Aliás, o mesmo princípio vale para todos(as) os(as) alunos(as), e, por exemplo, uma criança que gosta muito de Matemática pode explorar produtos que oferecem desafios matemáticos para níveis de estudo cada vez mais avançados, em vez de ser obrigada — como acontece hoje em dia — a seguir o mesmo ritmo de toda a classe, vendo exercícios que já sabe resolver.

Os exemplos ilustram a idéia de que um bom acervo de softwares educativos pode nos ajudar na implementação do que atualmente chamamos de uma “pedagogia diferenciada”, pois permite diversificar as possibilidades de atividades oferecidas a alunos e alunas e proporcionar desafios mais adequados para cada um(a).

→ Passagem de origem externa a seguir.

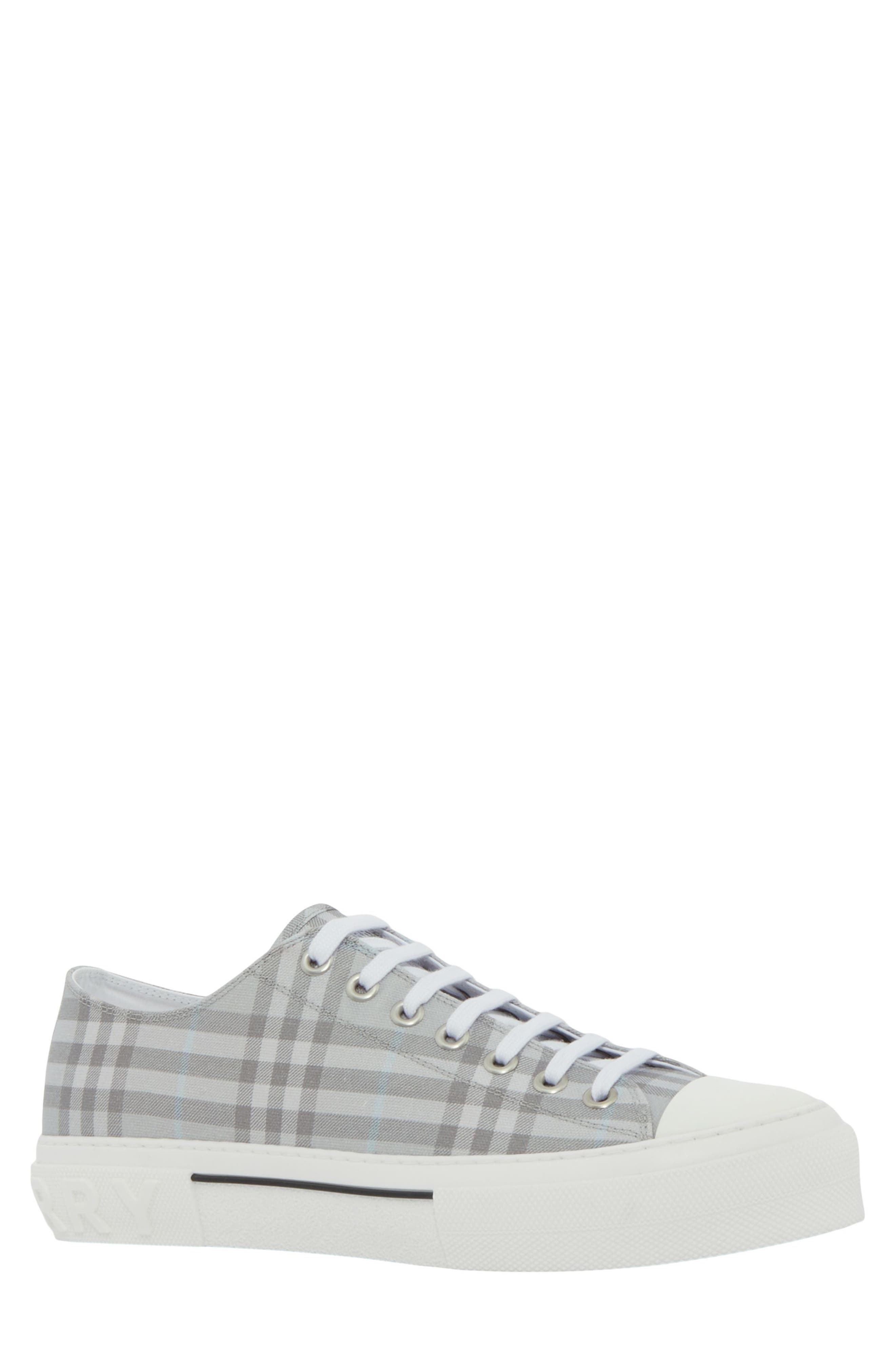 burberry shoes grey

Para concluir, é importante deixar muito claro que atualmente, do ponto de vista da pesquisa acadêmica, nós simplesmente não sabemos quase nada sobre o que está sendo discutido aqui, sobre as novas e diferentes concepções de “erro” e “acerto” que se desenvolvem e sobre o que nossas crianças podem tirar de suas interações com computadores e softwares, mesmo quando estes podem ser considerados de baixa qualidade e embasados em teorias de aprendizagem ultrapassadas.

Mas “não saber quase nada”, enquanto pesquisadores, não pode ser uma desculpa para deixarmos de explorar — pragmaticamente, no dia-a-dia da escola e da família — a possibilidade de que até mesmo o uso de softwares educativos extremamente simples possa produzir resultados surpreendentes. Não podemos ter a mesma paciência que têm os computadores e aguardar as certezas acadêmicas, pois temos urgência em ensinar de forma cada vez mais diversificada e melhor.

Este artigo se encerra, assim, com um duplo convite: aos pesquisadores, para que dêem mais atenção à natureza específica das interações criança—computador e não restrinjam suas análises apenas ao uso dos softwares mais sofisticados; e aos educadores, para que levem em conta a possibilidade de que, graças à sua “paciência de Jó”, os computadores associados aos softwares educativos sejam aliados poderosos não apenas para ensinar, mas para alcançarmos um dos objetivos mais importantes e básicos da educação: ajudar cada criança a construir uma auto-imagem positiva.